A second ST-segment analysis system (Hewlett Packard) differs from the foregoing in several ways. A period of 15 seconds is analyzed first, and the ST displacement is determined on the basis of five "good" beats. These displacements are ranked, and the median value is determined. This technique eliminates the influence of occasional VPBs and ensures that a representative beat is selected. The objective of this procedure is to obtain a representative beat, rather than an average template. The measurement point for the ST segment can be selected as the R wave + 108 msec (default) or the J point + 60 or 80 msec. ST values and representative complexes are stored at 1-minute resolution for the most recent 30-minute trend and at 5-minute resolution for the preceding 7.5-hour trend.

In a third system (Spacelabs), a composite ST-segment waveform is developed every 30 seconds and is compared with a reference tracing acquired during an initial learning period. The isoelectric and ST-segment points can be manually adjusted to any location on the electrocardiographic tracing, or they may be automatically set to predetermined values. Using selective ST-segment displacement on seven different types of digitally simulated ECGs, London and Ahlstrom[110] bench-tested a version of a Spacelabs automated ST-analysis device, the PC2 Bedside Monitor. The device performed very well with five of the simulated ECGs, but it had some difficulty with two because of improper placement of the isoelectric point. Visual confirmation of ST-segment analyzer results was therefore advised.

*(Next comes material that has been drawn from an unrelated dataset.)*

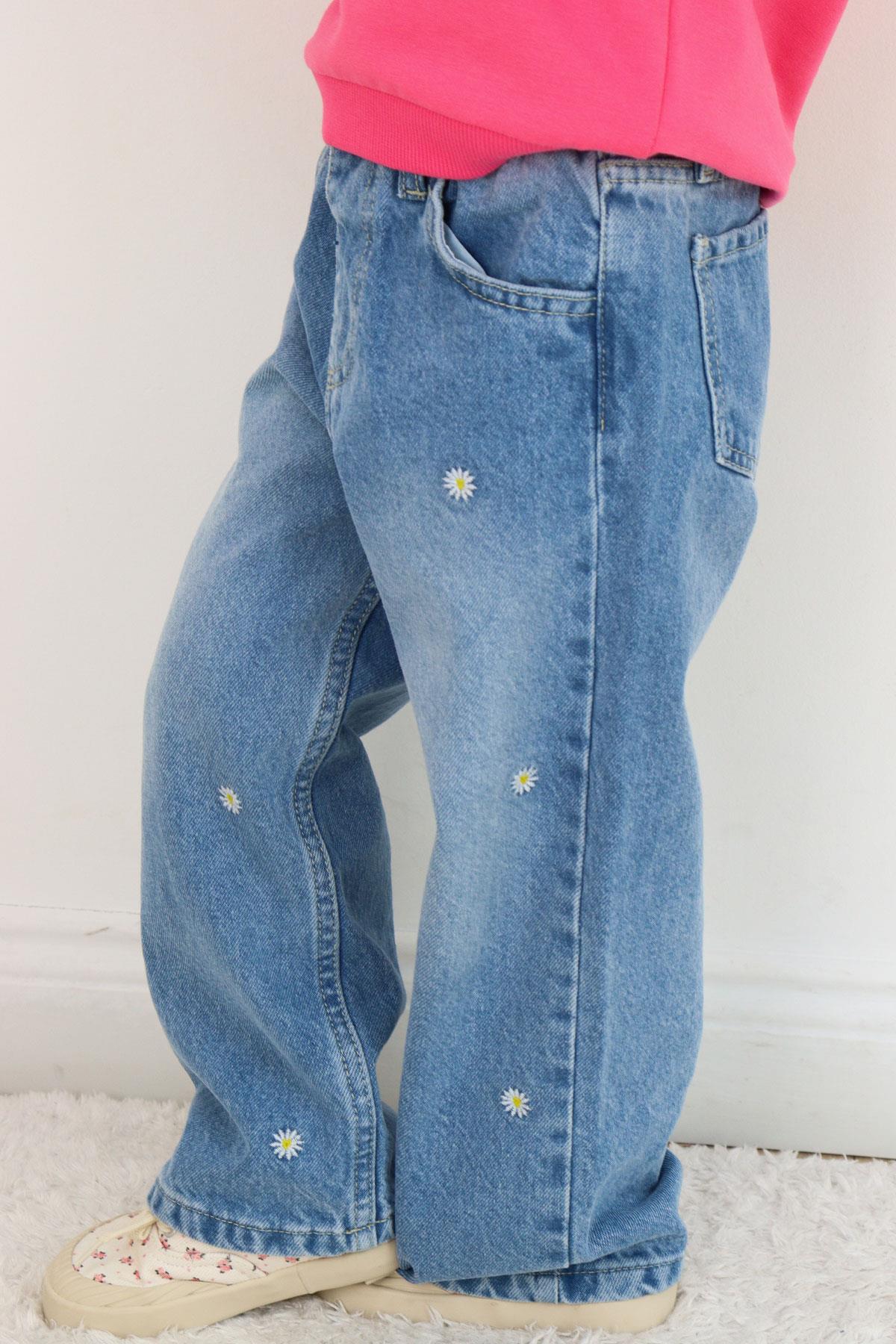 Breeze Kız Çocuk Jean Pantolon Papatya Nakışlı Düğmeli Açık Mavi (1.5-4 Yaş)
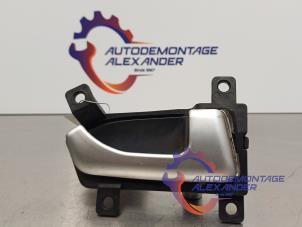 Used Front door handle 4-door, right Kia Sportage (SL) 2.0 CVVT 16V 4x2 Price on request offered by Alexander Autodemontage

The relative merits and shortcomings of the different ST-segment analysis systems in the clinical setting have not been fully elucidated. The ability of two automated ST-segment analysis systems to detect myocardial ischemia during noncardiac surgery was compared with 8-lead printed ECG and transesophageal echocardiography as reference standards.[111] In this study of 44 patients, the automated ST-analysis systems showed only fair agreement with transesophageal echocardiography or ECG in detecting ischemia. A different, brief, cautionary report mentions a case in which automated ST-segment monitoring falsely signaled the presence of intraoperative ischemia.[112]